Task brief —
Find the line containing "Appartement à vendre" in the data below and repeat it, along with all later lines, exactly through the last one.

Provided data Start Marker

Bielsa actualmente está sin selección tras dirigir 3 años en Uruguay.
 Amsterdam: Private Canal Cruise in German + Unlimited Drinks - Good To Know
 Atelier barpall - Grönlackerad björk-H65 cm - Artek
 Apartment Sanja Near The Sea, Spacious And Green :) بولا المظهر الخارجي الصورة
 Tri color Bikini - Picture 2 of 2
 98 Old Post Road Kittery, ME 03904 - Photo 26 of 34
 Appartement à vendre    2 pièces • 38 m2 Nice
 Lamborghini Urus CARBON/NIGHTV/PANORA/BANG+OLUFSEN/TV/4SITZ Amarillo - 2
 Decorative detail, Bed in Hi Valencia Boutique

Provided data End Marker

Result below —
 Appartement à vendre    2 pièces • 38 m2 Nice
 Lamborghini Urus CARBON/NIGHTV/PANORA/BANG+OLUFSEN/TV/4SITZ Amarillo - 2
 Decorative detail, Bed in Hi Valencia Boutique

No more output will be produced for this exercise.